> **Data excerpts**:
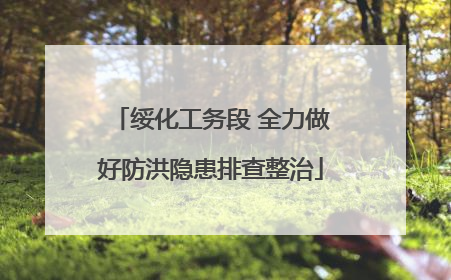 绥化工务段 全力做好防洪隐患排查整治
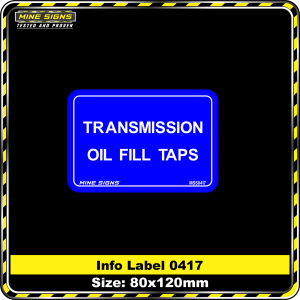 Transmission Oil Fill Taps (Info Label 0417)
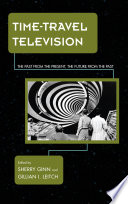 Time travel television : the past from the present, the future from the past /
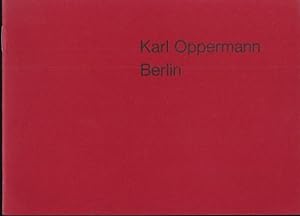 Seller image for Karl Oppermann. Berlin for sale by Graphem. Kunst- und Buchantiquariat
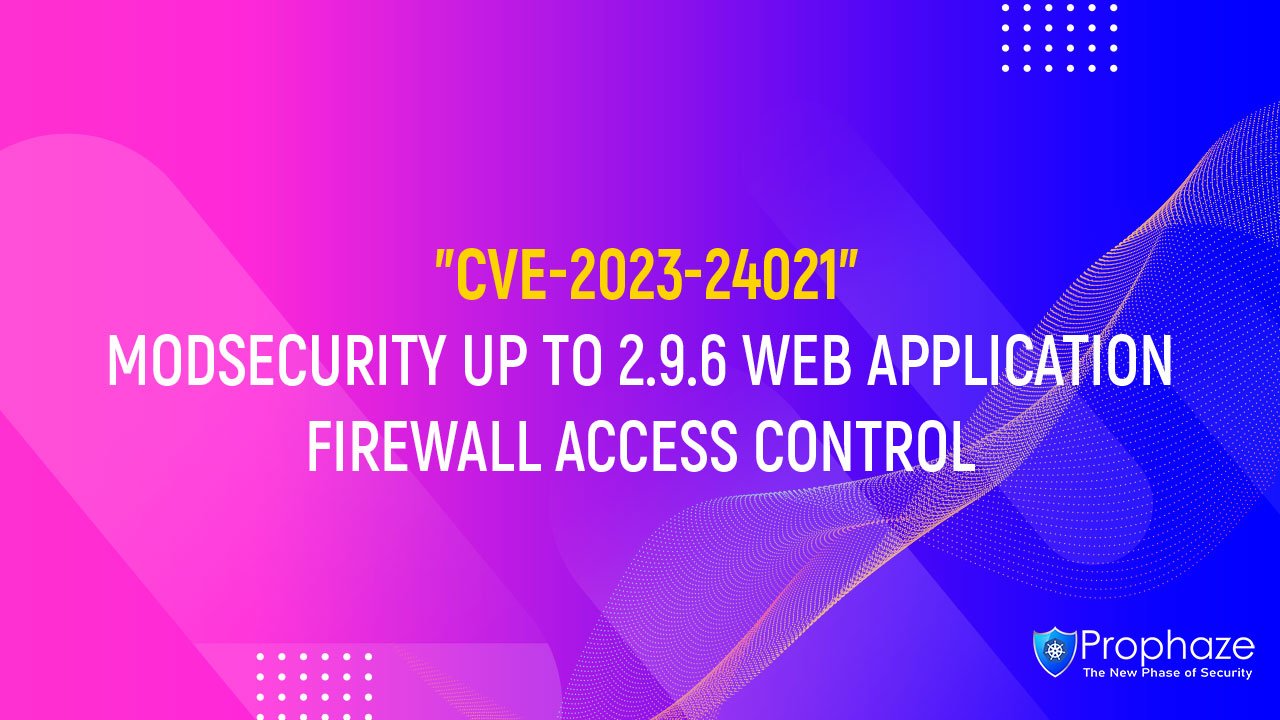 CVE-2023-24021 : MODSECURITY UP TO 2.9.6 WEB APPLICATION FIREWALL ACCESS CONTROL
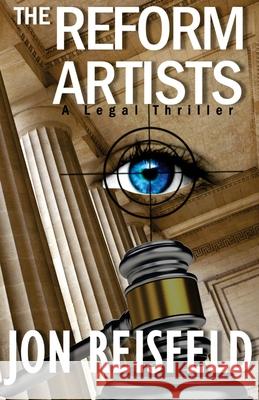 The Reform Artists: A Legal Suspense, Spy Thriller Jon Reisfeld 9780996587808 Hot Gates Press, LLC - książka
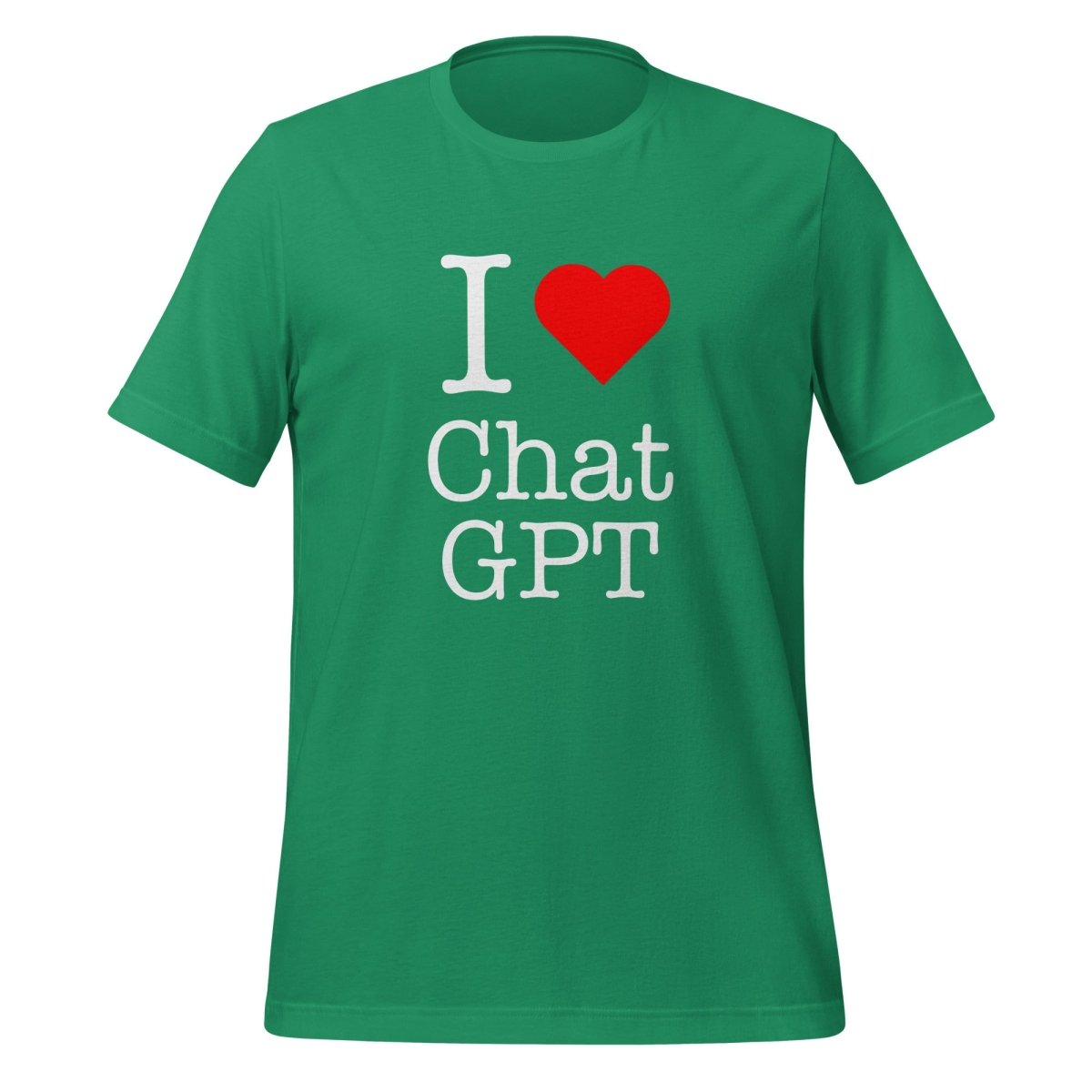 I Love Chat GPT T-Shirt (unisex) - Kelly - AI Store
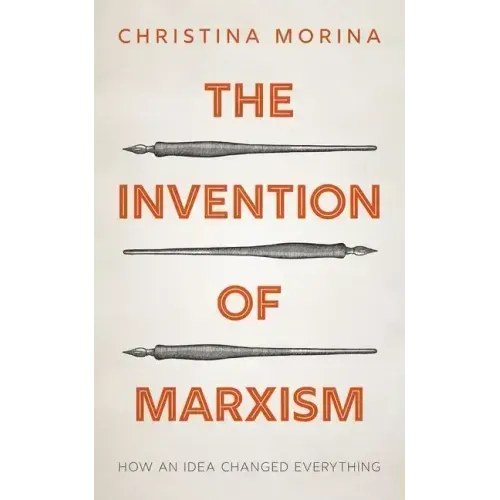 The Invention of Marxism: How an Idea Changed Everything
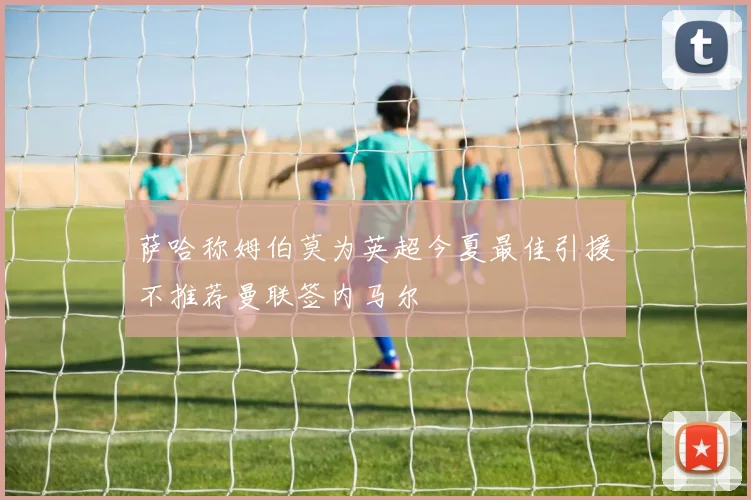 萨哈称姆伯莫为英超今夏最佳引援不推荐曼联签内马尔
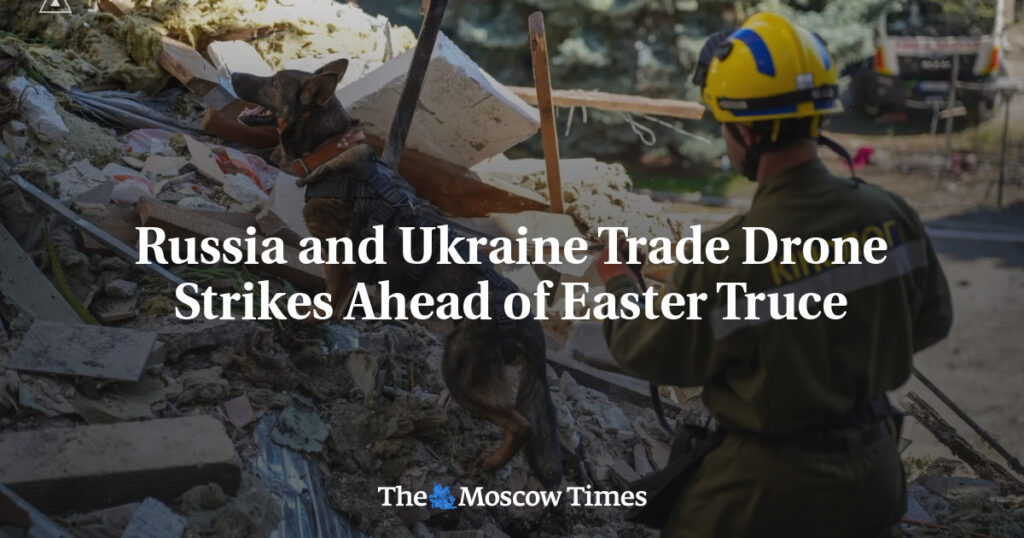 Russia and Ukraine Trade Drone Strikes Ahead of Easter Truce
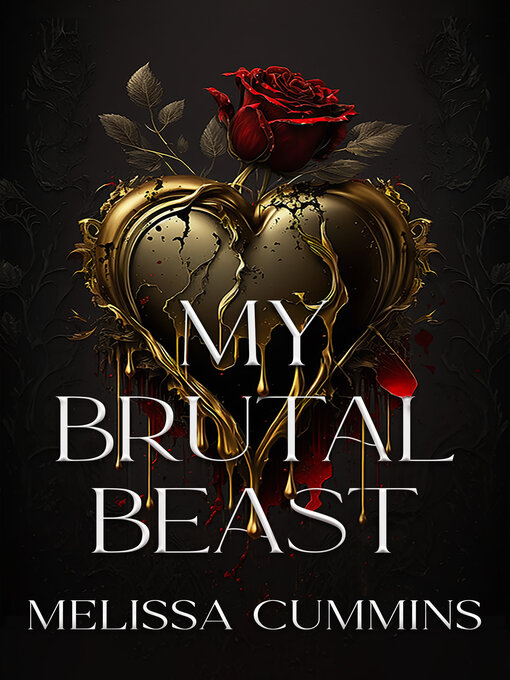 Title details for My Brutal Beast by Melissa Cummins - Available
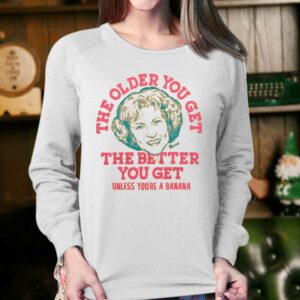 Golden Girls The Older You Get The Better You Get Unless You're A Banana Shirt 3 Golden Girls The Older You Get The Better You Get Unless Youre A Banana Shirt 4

> **What you should do**:
Please transcribe exactly the lines from the one containing "I Love Chat" through the final line of the data, including both, and nothing else. Pictures are to be left out.

> **Answer space**:
 I Love Chat GPT T-Shirt (unisex) - Kelly - AI Store
 The Invention of Marxism: How an Idea Changed Everything
 萨哈称姆伯莫为英超今夏最佳引援不推荐曼联签内马尔
 Russia and Ukraine Trade Drone Strikes Ahead of Easter Truce
 Title details for My Brutal Beast by Melissa Cummins - Available
 Golden Girls The Older You Get The Better You Get Unless You're A Banana Shirt 3 Golden Girls The Older You Get The Better You Get Unless Youre A Banana Shirt 4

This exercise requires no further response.